Collectively, the citizens of Boulder committed a total of $16,806.66—more than enough to give the fledgling university a permanent home. Pledges ranged from $15 to $1,000. More than half the donors contributed fewer than $100. Finally, after long years of struggle, the University of Colorado was more than an idea—it had sufficient funds to begin the construction of the first university building.

On Sept. 20, 1875, the cornerstone for Old Main was laid. By the following spring, CU officially opened its doors, five months before the Centennial State joined the union in 1876.

After 15 years of effort, and though these early philanthropic contributions placed a true hardship on Boulder’s frontier families, their commitment to education remains an enduring testament to what CU stands for to this day.

It is a legacy upon which we continue to build and honor.

When he graduated in May, William Mundo reached a milestone in his journey at the University of Colorado Denver.

It’s a journey that almost didn’t even start.

It’s good for him—and us—it did.

Before William devoted countless hours to his studies over four years and emerged as one of the university’s most well-known volunteers and respected student leaders, he and his mother had a pivotal conversation about whether he’d even attend college.  

“OK,” he recalls her saying. “You want to go to college. None of us have ever done it, but I’ll support you.”

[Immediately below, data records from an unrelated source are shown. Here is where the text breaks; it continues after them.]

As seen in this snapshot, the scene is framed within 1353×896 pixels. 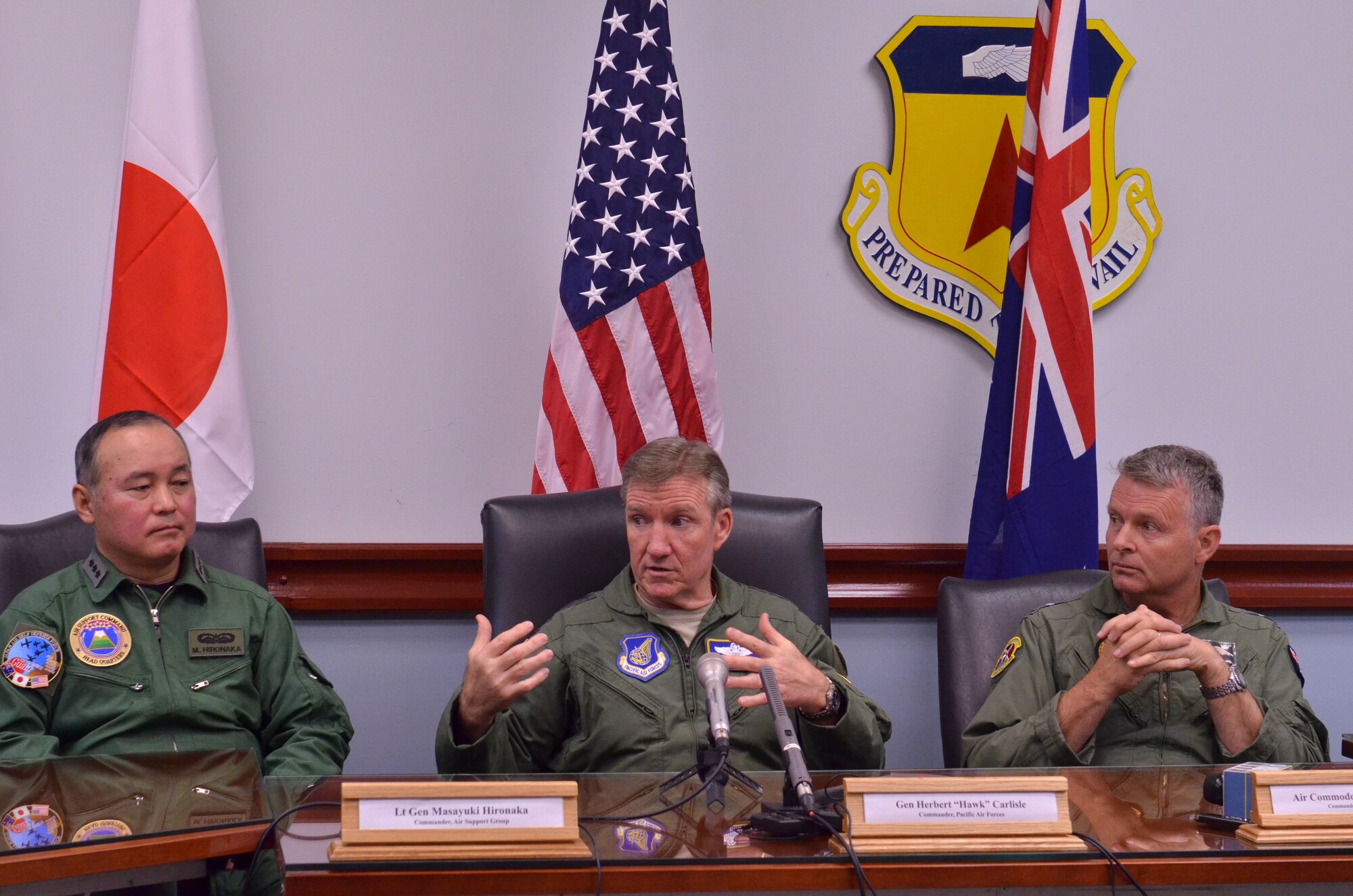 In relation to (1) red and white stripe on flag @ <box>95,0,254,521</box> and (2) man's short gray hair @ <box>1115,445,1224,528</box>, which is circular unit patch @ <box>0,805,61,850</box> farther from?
(2) man's short gray hair @ <box>1115,445,1224,528</box>

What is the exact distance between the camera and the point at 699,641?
2232mm

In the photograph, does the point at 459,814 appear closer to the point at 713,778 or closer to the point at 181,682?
the point at 713,778

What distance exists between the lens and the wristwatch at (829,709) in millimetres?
1931

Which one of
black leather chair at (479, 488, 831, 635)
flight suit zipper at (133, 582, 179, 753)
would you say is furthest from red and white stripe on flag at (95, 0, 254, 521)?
black leather chair at (479, 488, 831, 635)

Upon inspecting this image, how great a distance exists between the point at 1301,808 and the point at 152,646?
71.6 inches

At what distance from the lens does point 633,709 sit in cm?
214

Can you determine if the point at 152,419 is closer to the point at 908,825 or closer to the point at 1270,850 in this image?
Answer: the point at 908,825

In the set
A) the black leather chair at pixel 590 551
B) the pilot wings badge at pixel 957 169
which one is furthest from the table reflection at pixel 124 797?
the pilot wings badge at pixel 957 169

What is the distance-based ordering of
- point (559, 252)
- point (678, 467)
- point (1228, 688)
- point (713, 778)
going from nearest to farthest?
point (713, 778) → point (1228, 688) → point (678, 467) → point (559, 252)

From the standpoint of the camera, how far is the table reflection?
136 centimetres

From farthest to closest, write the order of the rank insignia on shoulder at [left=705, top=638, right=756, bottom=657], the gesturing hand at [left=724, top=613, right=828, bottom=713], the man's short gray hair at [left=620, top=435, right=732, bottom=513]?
A: the man's short gray hair at [left=620, top=435, right=732, bottom=513] → the rank insignia on shoulder at [left=705, top=638, right=756, bottom=657] → the gesturing hand at [left=724, top=613, right=828, bottom=713]

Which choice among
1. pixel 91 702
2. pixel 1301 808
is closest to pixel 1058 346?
pixel 1301 808

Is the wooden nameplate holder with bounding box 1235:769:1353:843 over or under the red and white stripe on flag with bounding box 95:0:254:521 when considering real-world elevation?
under

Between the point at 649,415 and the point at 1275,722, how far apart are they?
142 cm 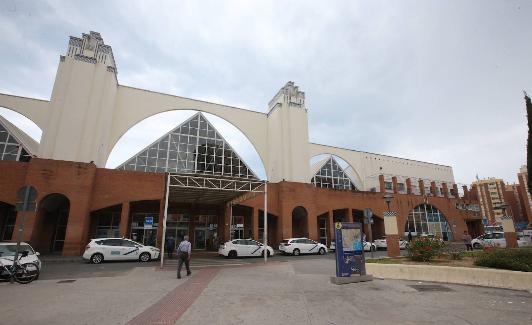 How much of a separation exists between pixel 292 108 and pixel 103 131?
61.4ft

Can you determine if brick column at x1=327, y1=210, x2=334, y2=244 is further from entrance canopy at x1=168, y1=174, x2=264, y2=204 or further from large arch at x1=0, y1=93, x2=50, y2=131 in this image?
large arch at x1=0, y1=93, x2=50, y2=131

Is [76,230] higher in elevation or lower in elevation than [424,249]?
higher

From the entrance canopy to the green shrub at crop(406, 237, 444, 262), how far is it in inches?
335

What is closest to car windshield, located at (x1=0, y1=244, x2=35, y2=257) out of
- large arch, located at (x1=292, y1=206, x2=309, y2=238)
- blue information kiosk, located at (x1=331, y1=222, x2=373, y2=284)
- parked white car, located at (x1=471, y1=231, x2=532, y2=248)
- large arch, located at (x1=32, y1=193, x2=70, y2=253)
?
large arch, located at (x1=32, y1=193, x2=70, y2=253)

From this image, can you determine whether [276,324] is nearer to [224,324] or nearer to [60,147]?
[224,324]

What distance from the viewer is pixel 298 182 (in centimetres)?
2956

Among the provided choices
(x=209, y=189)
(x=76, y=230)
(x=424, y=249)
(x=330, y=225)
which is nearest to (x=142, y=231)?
(x=76, y=230)

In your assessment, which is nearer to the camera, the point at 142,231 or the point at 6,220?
the point at 6,220

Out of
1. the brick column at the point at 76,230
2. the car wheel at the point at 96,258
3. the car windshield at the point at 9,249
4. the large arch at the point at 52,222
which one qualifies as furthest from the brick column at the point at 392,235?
the large arch at the point at 52,222

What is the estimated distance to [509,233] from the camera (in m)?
18.5

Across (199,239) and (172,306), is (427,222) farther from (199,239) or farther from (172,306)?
(172,306)

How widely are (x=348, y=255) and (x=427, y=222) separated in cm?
3363

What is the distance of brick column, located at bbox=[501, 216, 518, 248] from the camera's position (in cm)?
1830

But “it’s $10,000 a year,” he told her.

“We can’t pay that,” she said.

William insisted: “Mom, don’t worry.”

He had a plan.

William’s journey began modestly. Born in Los Angeles to parents who emigrated from Acapulco, Mexico, he and his family eventually moved to Leadville, high in the Colorado mountains. He remembers observing his father treating people in their community, so he assumed his father was a doctor.

“It wasn’t until I was much older that I figured out that my father didn’t get past sixth grade,” William says. “He had to drop out and help the family put food on the table since it was really difficult for my family in Mexico.”

Seeing his father care for his community inspired him: “I want to be a doctor. That really pushed me to pursue that career.”

At CU Denver, he studied public health and ethnic studies with an eye on medical schools. His goals include combating race-based health disparities and improving health care throughout the world, especially for impoverished communities. He’s also considering joining the Air Force with the hope to become a medical doctor in the military.

“I have a passion for serving others,” he says.

These paths wouldn’t have opened to him if he didn’t remain dedicated to his plan—the one he assured his mom would help him attend college.

“This doesn’t happen without scholarships,” William says. “They’ve made it possible for me to come to college and pursue my dream.”

CU Denver-based philanthropy like the Graham Family Scholarships and Alumni Association General Scholarships offered him assistance. So did the Latin American Educational Foundation and The White Rose Scholarship Foundation.

“They have really made an impact on my life because navigating the education system as a first-generation student is very difficult,” he says.

When others cared for him, he discovered the chance to care for others.

“It’s given me hope,” he says, “that there’s still people out there that really care about people like me and want us to do well.”